Susan, the author of the book, prepared caregivers for what is to come by sharing experiences of her husband as well as by giving recommendations of where to turn for help on each given situation. In a nutshell, here are some major changes that we can expect in the future with mom:
We can expect her to lose memory of everyone around her. I was holding onto the hope that she'd remember those who were closest to her. And it's still a possibility. But we have to prepare for the worst.
We can expect that mom may become incontinent. This means that she will be in diapers. Again, I've heard that most dementia patients become this way but I was hoping there was a chance to skip that. It looks very unlikely that we will escape the inevitable.
We can expect to childproof the house. Many dementia patients put small things in their mouths and eat whatever is in sight. It's hard to believe that this could happen to my dear mom, but it's something I hear over and over from other caregivers.
Dementia patients become wanderers. We will have to keep tabs on her and make sure that doors are secured so she can't wander outside.
We can expect temper tantrums, whining and crying and even take some beatings. Imagine a toddler tantrum but in an adult body. This is typical in dementia.
Eventually, but not necessarily, she could become bed ridden. Each case is individual, so there's no telling one way or the other. But many become this way and end up in hospital beds. They sleep for many hours of the day, like newborn babies.
Like I said, each person is different and no two cases are exact. However, this is the "norm" in dementia. From my reading, each case of dementia starts out different (depending on the form of dementia they have), but in the end most cases look alike. Bottom line: mom is going to need round the clock care in the near future.
At the end of the book, there was a rating scale to determine which phase your loved one is in. There were several categories of behaviors and cognitive abilities to rate and the ratings were as follows:
In most categories, she scored a 1 or 2 (mild or moderate) which I interpret to mean that she fits the moderate category (or is at least transitioning into it). Now is the time to prepare for the next phase: severe.
I don't know how we are going to get through this. I know we will, but I don't know how. Susan was fortunate enough to be able to quit her job to care for her husband full-time. And even then she had another part-time caregiver come in to assist her. There are facilities that house people (my dad would never send family to a home), there are daycare and in-home care options; all are very expensive. With my dad being self-employed, he doesn't have a steady income. It isn't feasible for him to quit work to take care of her full-time, as the bills still need to be paid. They are too young for retirement or Medi-care. Our best option is waiting to see what Social Security will offer her to financially relieve them of some of this burden. The current wait time on their case is 12-18 months.

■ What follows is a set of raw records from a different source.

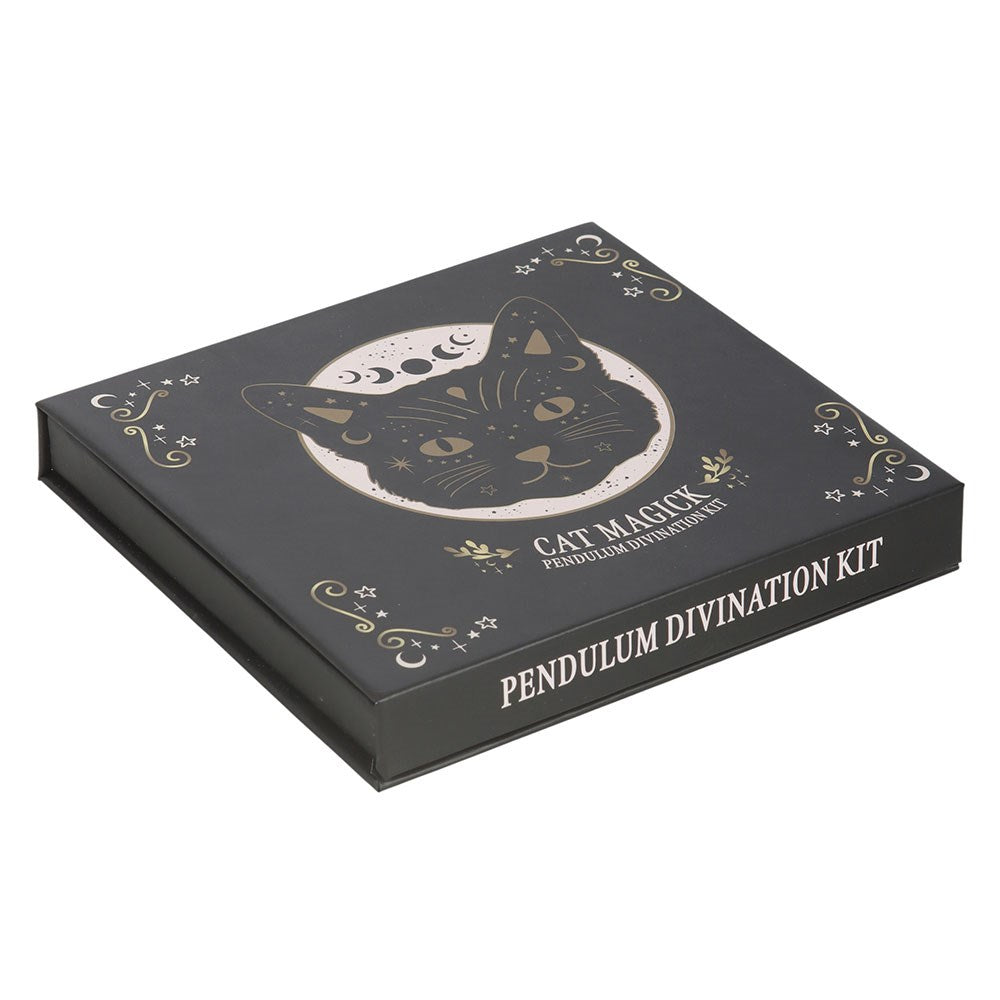Kit de adivinación con péndulo «Black Cat Magick»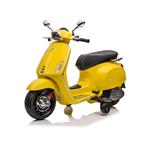 Moto Elettrica Per Bambini Vespa Piaggio Sprint Gialla 12V Ing. Mp3, Usb E Microsd Lt941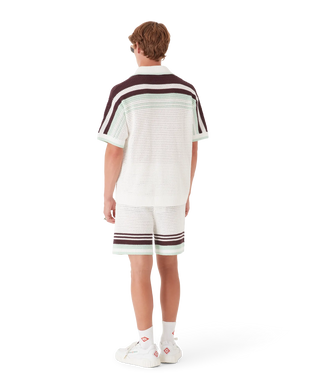 Tennis Cotton Crochet Short Sleeve Shirt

My dad would say this isn't for me to stress about. Yet the past few nights I have laid awake in bed feeling stressed about the future. I am stressed for my dad and what he is going through, and especially for what is to come. He can't do this alone. I have 5 kids ranging from 1 year to 16 years old; it is impossible for me to care for my mom everyday and manage my family and household at the same time. But I do know that I need to do something to help my dad (and my mom) get through this. I want to be there to help. Once again, I find myself trying to figure out my role in this difficult journey.